A Drop of Night

“No.” He starts on the pillows. “Well, yes, I suppose, but does a starving thief choose to steal? Does a soldier choose to kill? We do things or else we die.” He tries to twinkle at me, but I will have none of it. I saw the shadow cross his face. I watch him sharply, and wait.

“You are a nosy sparrow. Milady,” he adds quickly, “I came here because my father is off at sea, and I have three sisters and four brothers, all living on what coins my mother can scrape together darning socks and patching trousers. My siblings needed bread, and stockings for the winter. So I hopped a cart to the chateau and begged for work. We don’t have choices the way highborn lords and ladies do.”

I bristle at that. “Perhaps you have noticed, sir, that highborn lords and ladies do not have quite as many choices as you thought. A golden cage is still a cage.”

“A cage with no shortage of bread and stockings,” he says evenly.

“A cage alone.” It comes out in a snarl. I see suddenly what he is: his sympathy for me is mixed with disdain. He pities me, is sorry that my mother is dead, but it is the pity of an older sibling patting the younger one crying over a lost toy. He thinks I do not know hardship.

“I have food and clothing, yes,” I say, my voice low. “And my mother is dead. There is no difference between pain of the heart and pain of the belly.”

“And you think peasants are spared heart’s pain? We have both.”

“You have a mother!” I shout. “She is alive. She was not shot before your eyes, and your sisters were not torn from you and locked away in some godforsaken palace. But you will not spare a drop of pity because I am rich? We have death in our gilded courts, too. We have disease and cruelty, and not a breath of air or freedom. You cannot say our lives are easy any more than I can say yours is. They are lives, and so they are horrid!”

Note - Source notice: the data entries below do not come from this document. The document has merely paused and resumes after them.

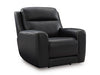 5Z-Comfort Power Recliner - All Brands Furniture (NJ)
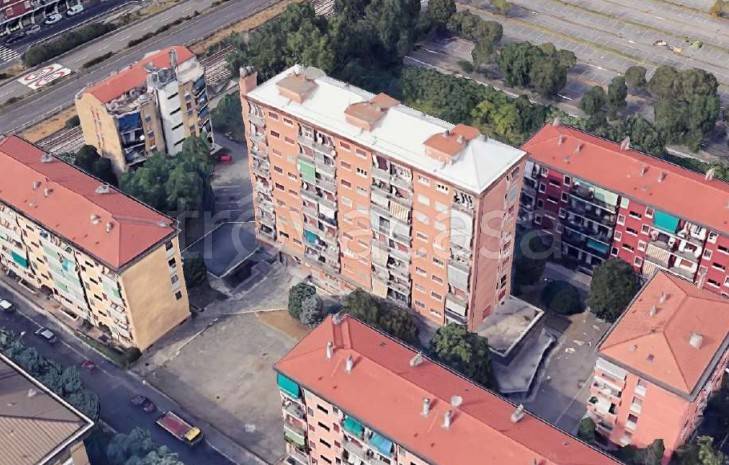 appartamento in vendita a Milano in zona Crescenzago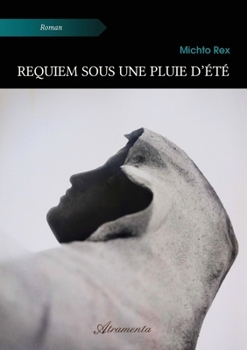 Paperback Requiem sous une pluie d'été [French] Book
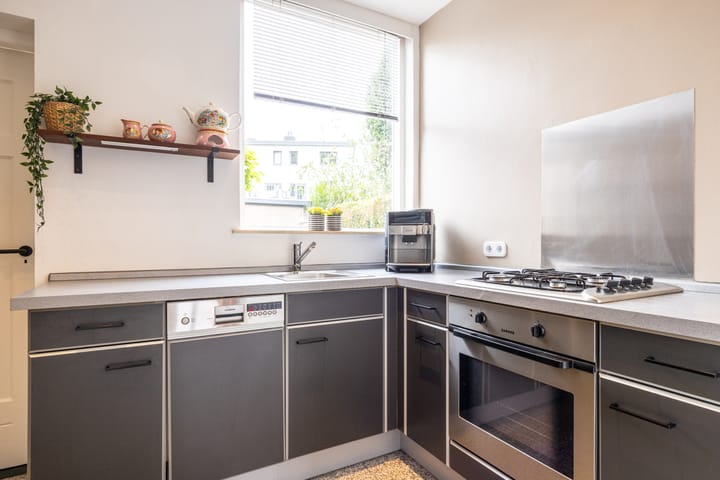 Foto 14 van Kromstraat 5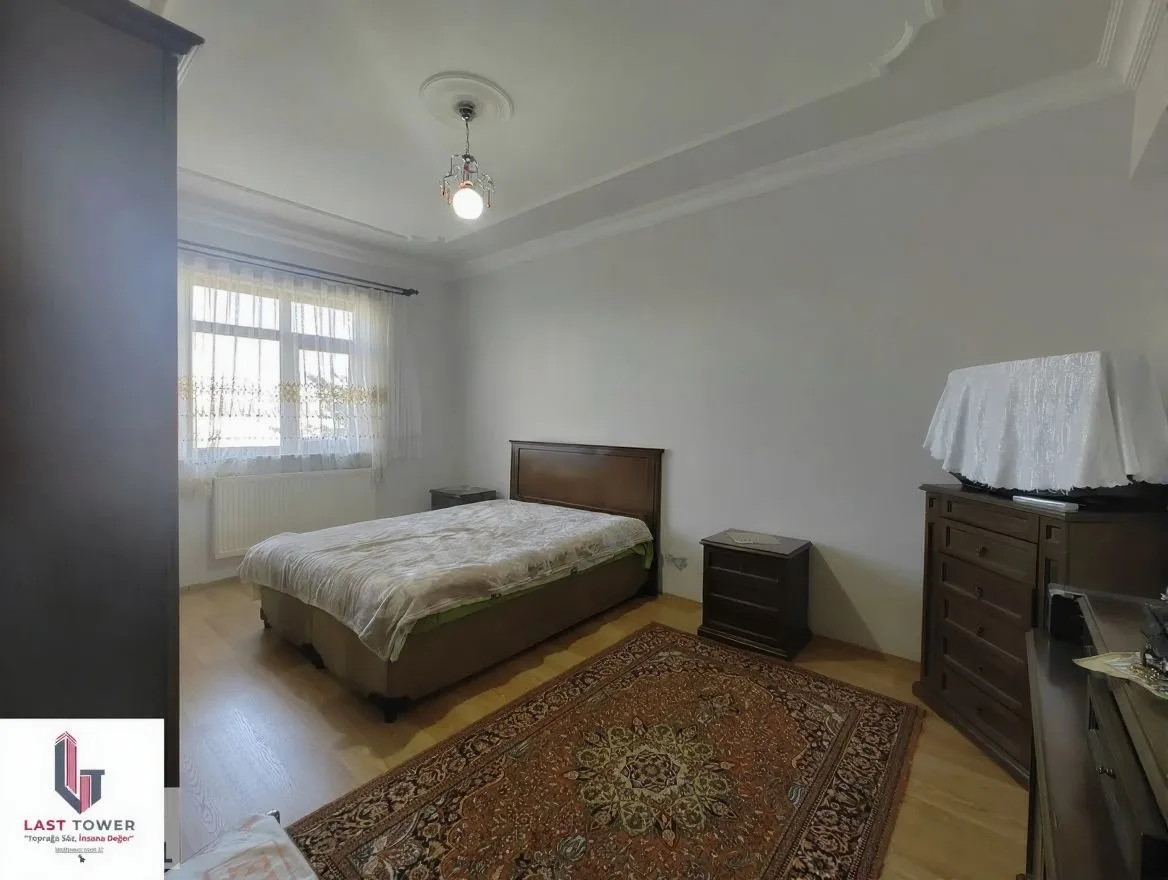 ERZURUM KİRALIK MERKEZİ ISITMALI 2+1 DAİRE 115M² YAKUTIYE - Fotoğraf 26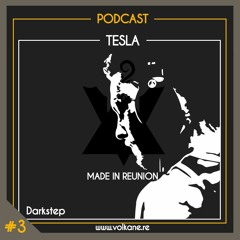 Tesla - Run'Art Full moon 1 Podcast #3 Free download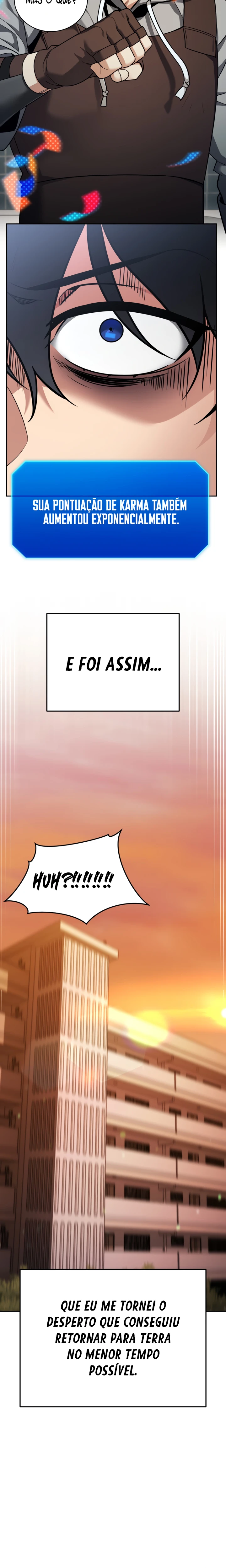 Read Todos os Meus Avatares são Magnatas (PT-BR) PT Manga Online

The last word is a screech. I gasp, forcing the tears to keep from falling.

Neither of us says a word for several moments. Jacques begins to move again, wandering about and straightening the pillows. Finally he turns to me. “I’m sorry, mademoiselle. Let’s not fight. Please? Everyone in the kitchens is on knife’s edge, every day. There is nothing but bile spewing and bitterness. Let’s us not fight, at least.”

He finishes the bed and sits down across from me, cross-legged. I pretend great interest in a groove in the floorboards. I feel a stab of remorse for shrieking at him. He is poor and I am rich, and we each think ourselves the sadder and the more hurt. But there is no measure for pain. How wonderful it would be if there were no limit to sympathy.

“I’m sorry, too,” I say. “And you may call me Aurélie. Please do.”

We stay on the floor, neither of us looking at the other, simply lingering, unwilling to part. We are the same in some things: we are both young and lonely. We wish to protect the ones we love. We are both unable to do so.

“Will you come with us when we escape?” I ask after a while.

He looks up, surprised. “Where to?”

“I don’t know. Wherever we go. London, I suppose.”

I must sound terribly frivolous. I don’t care. I can almost feel the sun up there, the wind and the green grasses brushing against my fingertips. I can hear the birds. I feel I could burst these walls, burst the ceiling with my shoulders.

“You would not want me along,” Jacques says, and he is looking at the same groove in the floorboard that I was so studiously inspecting. “I am no match for English chambermaids.”

“And you have a family here,” I say practically.

He stares at me. Nods. “That I have.”

A knocking sounds, somewhere in the walls, dull and faraway. He leaves me.


It is almost a week before I see him again. He unlocks the door to the boudoir and grins at me, tries to be light and jolly, but I know at once that he is neither. When he stretches himself long to reach the cornices, I see he has bruises on his hands and peeking, purple and green, from behind his collar. He will not tell me how he got them. I hope he is not being punished for the time he spends here.

“Have you found a way out?” I ask him as soon as I dare.

“No,” he says. “But I am closer. The butlers are run ragged with work. They . . . they become angry when the lower servants are slow, but there are fewer of them now and they cannot watch everything. I think some of them are being sent back up. Or perhaps they are escaping.” He studies his own hands, opening them across his knees. His fingers are brown and weathered like a farmer’s. “They will not let me near the outer chambers of the palace, or in certain wings, but I think it is only a matter of time. It is vast down here, immense. But it feels small. It feels airless.” His voice becomes soft. “I’ve been having the oddest dreams.”

I wonder if they are like my dreams. I am about to ask him when a sound from beyond the door startles us to our feet. Jacques runs for the panel. I go with him, and as he steps through my hand brushes his, and he squeezes it. Now he is gone.

I sometimes think I like him best when he is gone. I think of all the things I want to ask him, and I remember that if I were not here, if I were not a prisoner, I would not care to speak to him at all.